The many faces of the Spire.
This jacket feels very stiff and heavy. It was not our favorite for ice climbing, and it felt too cumbersome for climbing movement. But it is decent for skiing in bounds in heavy snowfall and is where it excels the most. We were frustrated by how restrictive it felt to move around in this jacket. We much preferred the supple and soft OR Clairvoyant or the impeccably designed Arc'teryx Beta SL.
Stiffer fabric and a storm flap instead of waterproof zippers all conspire to make this jacket feel heavier and stiffer.
This jacket is very heavy and best suited to colder or less aerobic activities. It has very small pit zips with one zipper, so you don't have a lot of options for venting if you get warm. For a much lighter jacket that offers excellent breathability, check out our favorite, the Arc'teryx Beta SL. Or if you want a good all-around model that features pit zips and highly breathable eVent 3 layer fabric, check out the REI Stormrealm.
The pit zips have storm flaps instead of waterproof zippers, which adds weight and stiffness to the jacket.
At 14.5 ounces for a small jacket, this was the heaviest in the review, and by far the heaviest among the technical outdoor style jackets. The next closest, at 13 ounces, is more of a lifestyle hardshell jacket. For the burliest and best severe weather jacket, 4.5 ounces lighter, check out the Arc'teryx Alpha SV. The Alpha shows just what you can get in a severe weather jacket for much less of a weight penalty. Or, if you're looking in the opposite direction, check out what you can get with the featherweight Arc'teryx Beta SL.
The Spire seems best suited for inbounds skiing and snowboarding. It has a shorter torso length which is less ideal for climbing, as it won't seat as well under a harness. It does have a powder skirt, however, and a burly hood for when it's dumping snow. The pit zips are pretty small to be very effective, and only have one zipper, so they only unzip in one direction. The cuffs are simple and adjustable with velcro.
The bottom hem adjustments are at the center zipper instead of the sides which we thought made them more difficult and awkward to operate.
We did really like the high front pockets at a funky and useful angle and loved the sizeable inner chest pocket. The lower left sleeve also has a handy little pocket, suitable for electronic ski lift passes. For a jacket that is also well featured for in-bounds skiing, you might also like the Patagonia Triolet. Otherwise, for an excellent all-around competitor for mountain use, the Norrona Trollveggen had a great blend of features, as well as strong performances in the other metrics.
The powder skirt is great for in bounds skiers, and we love internal zippered chest pockets.
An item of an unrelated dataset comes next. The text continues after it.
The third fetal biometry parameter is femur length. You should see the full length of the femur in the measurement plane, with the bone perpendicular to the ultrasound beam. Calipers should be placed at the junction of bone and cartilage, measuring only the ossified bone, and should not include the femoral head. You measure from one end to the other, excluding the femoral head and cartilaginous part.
The Spire shines in the durability metric. It is made of 3-layer GORE-TEX, 4.9 oz/yd polyester. It is thick, stiff, and proved relatively indestructible in our field tests. Durability was this jacket's strongest metric. There were a few contenders, but only one that beat it: the Arc'teryx Alpha SV. If you don't want to fork out the cash for that one, you'll likely appreciate the Arc'teryx Beta AR or the Norrona Trollveggen.
This jacket is best for in bounds skiing. It is not very breathable, has poor venting, and feels thick and stiff. However, it has excellent ski area specific features, so if that's what you're looking for, this might be a great fit. This was not the Spire's best category. For our most versatile models, we like the Norrona Trollveggen or the Arc'teryx Beta AR.
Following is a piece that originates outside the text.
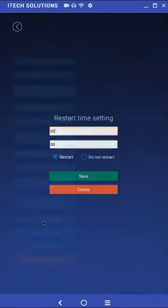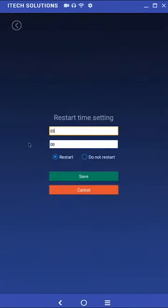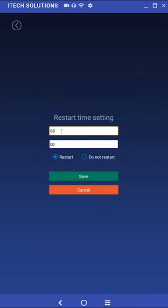Restart time setting. By default the unit is set to automatically restart at 3 am. Simply enter the new time in 24 hour format to set a new restart time. If you wish to disable the unit from restarting you can simply select the do not restart option in this menu.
The removable powder skirt helps keep fresh snow out of the jacket, even when it's deep, or you face plant in it.
This is a great jacket for inbounds skiing and riding. The features, like a powder skirt and small zippered sleeve pocket hint at this utility. It is marketed as a high altitude shell jacket, but if we're going on an expedition, we would much prefer a lighter weight jacket with the same weather protection, such as the Arc'teryx Alpha SV or even the Norrona Trollveggen.
This jacket is not the most expensive shell out there, but it also has limited utility. This makes it a poor value unless it is the perfect fit for your uses.
Testing the Spire on a beautiful winter day.
The Marmot Spire
is limited in scope for technical activities, but extremely storm proof and durable and hiking or in-bounds skiing. If it fits you well and meets your needs, likely as a ski resort hardshell (probably not as a high altitude or expedition shell), then you might really dig it.